*** Block opens ***

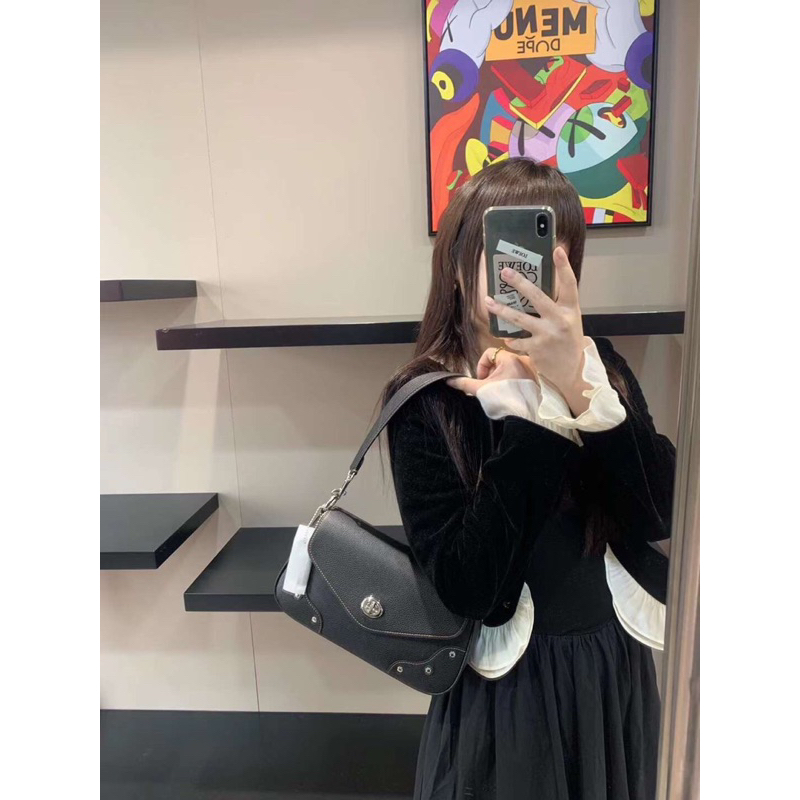 Túi coach millie kẹp nách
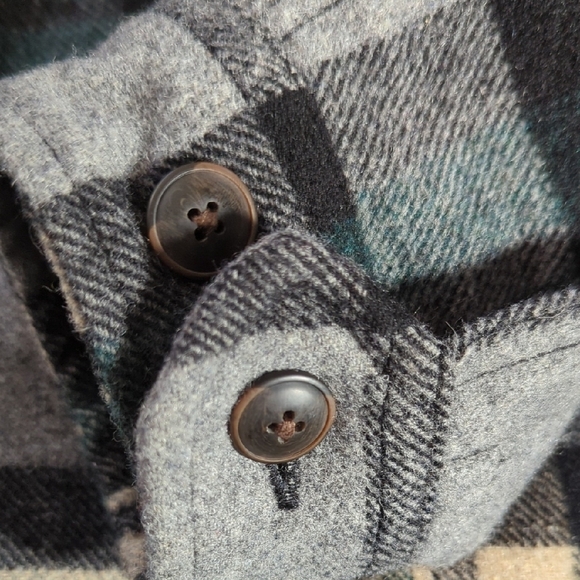 Fat Face Lightweight Gray and Green Shirt Jacket - Picture 14 of 16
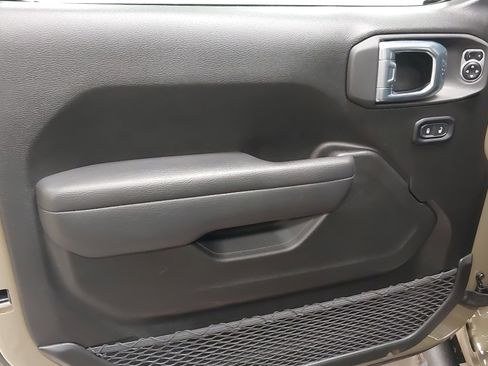 Used 2025 Jeep Wrangler Unlimited Rubicon w/ XTREMEE 35" Tire Package image 24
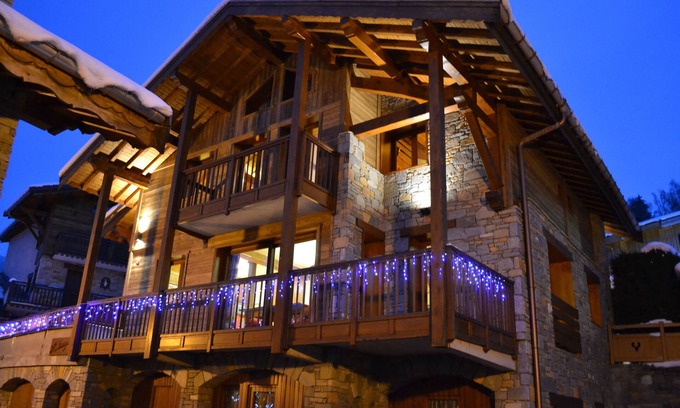 Montchavin Chalet De Esquí | Chalet Versoye self-catered chalet, ensuite beds, spa, boot warmer. Sleeps 12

*** Block closes ***

— What you should do —
Would you output the full listing exactly as it stands, minus the images?

— Answer section —
 Túi coach millie kẹp nách
 Fat Face Lightweight Gray and Green Shirt Jacket - Picture 14 of 16
 Used 2025 Jeep Wrangler Unlimited Rubicon w/ XTREMEE 35" Tire Package image 24
 Montchavin Chalet De Esquí | Chalet Versoye self-catered chalet, ensuite beds, spa, boot warmer. Sleeps 12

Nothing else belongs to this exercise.